Propofol is known to possess direct antiemetic effects. Propofol antiemetic use for induction and maintenance of anaesthesia has been shown to be associated with a lower incidence of postoperative nausea and vomiting (PONV) when compared to any other anaesthetic drug or technique.
It has been shown that total intravenous anaesthesia (TIVA) with propofol for anaesthesia is associated with less PONV than volatile agents, but that it reduced only early PONy. A subhypnotic dose (1.0 mg/kg/h) of propofol antiemetic in continuous infusion can be effective for preventing nausea and vomiting.
TIVA with propofol with or without remifentanil has been shown to be very useful for reducing the high incidence of PONV after squint surgery in children. However, although performing a TIVA with propofol is a reasonable prophylactic approach, but it does not solve the problem satisfactorily alone if the risk is very high.

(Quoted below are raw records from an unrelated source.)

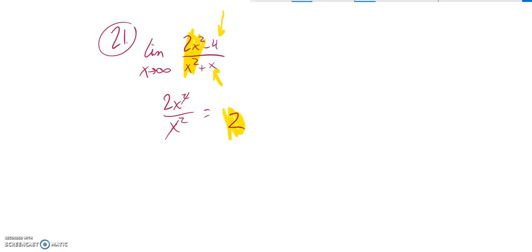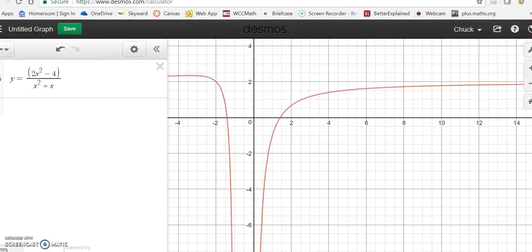So the limit as x approaches infinity of this is 2. On the graph, that means there would be a horizontal asymptote at 2. And if you look here, here's a graph of it. You could graph it on your graphing calculator or whatever. You can see how it starts to settle down to the 2 right there. So as x grows without bound, as x heads towards infinity, this function tends to 2.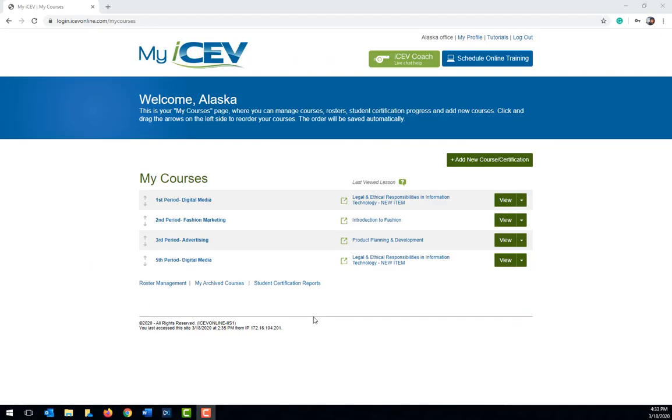Hi, I'm Megan with ICEV and I would like to show you how to assign coursework to your students by changing the visibility settings in ICEV. Once you have your course set up and your students are enrolled, it is easy to adjust what students see on their account and assign coursework by adjusting the visibility settings. Let's take a look at how to do this.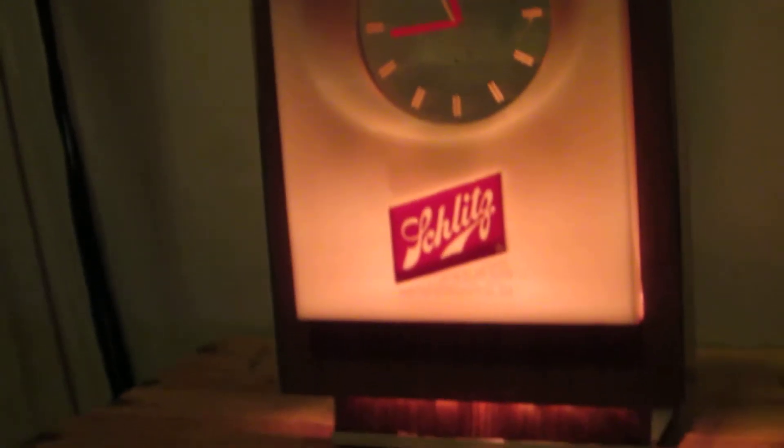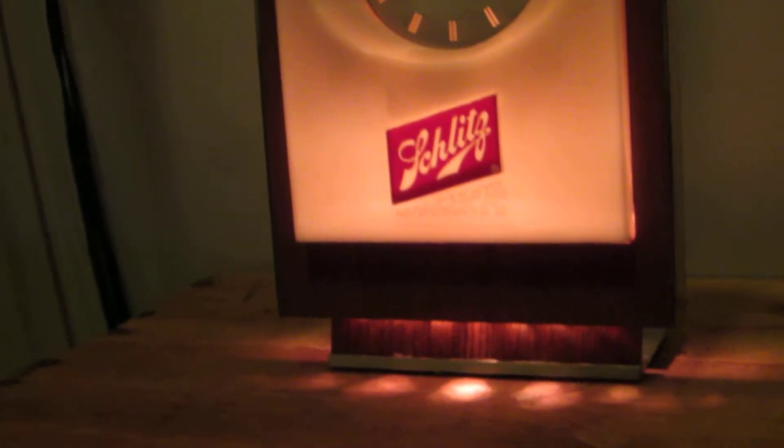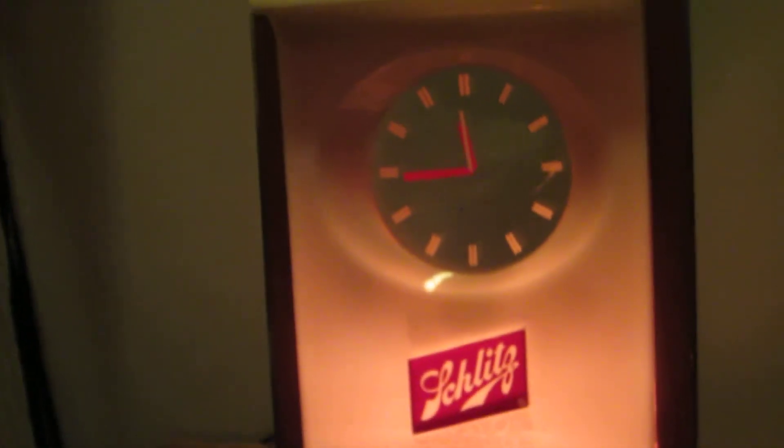You are listening to the Schlitz beer jingle, found right here on YouTube.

Combining propofol with another antiemetic such as serotonin antagonist, dexamethasone or droperidol, is probably the best approach. Subhypnotic doses of propofol (10 to 15 mg IV) may be used in the postanaesthesia care unit to treat nausea and vomiting, particularly if it is not of vagal origin.
In the postoperative period, the advantage of propofol antiemetic is its rapid onset of action and the absence of serious side effects. When used as an adjuvant propofol in subhypnotic doses is effective against chemotherapy-induced nausea and vomiting.
The mechanism of action in this context is still not well understood. Propofol antiemetic is generally efficacious in treating postoperative nausea and vomiting at plasma concentrations that do not produce increased sedation.
The properties of propofol antiemetic at subhypnotic doses are not mediated via interactions with the dopaminergic system.
It is possible that propofol antiemetic modulates subcortical pathways to inhibit nausea and vomiting or produces direct depressant effect on the vomiting center. Subhypnotic doses of propofol dose not show any prokinetic action.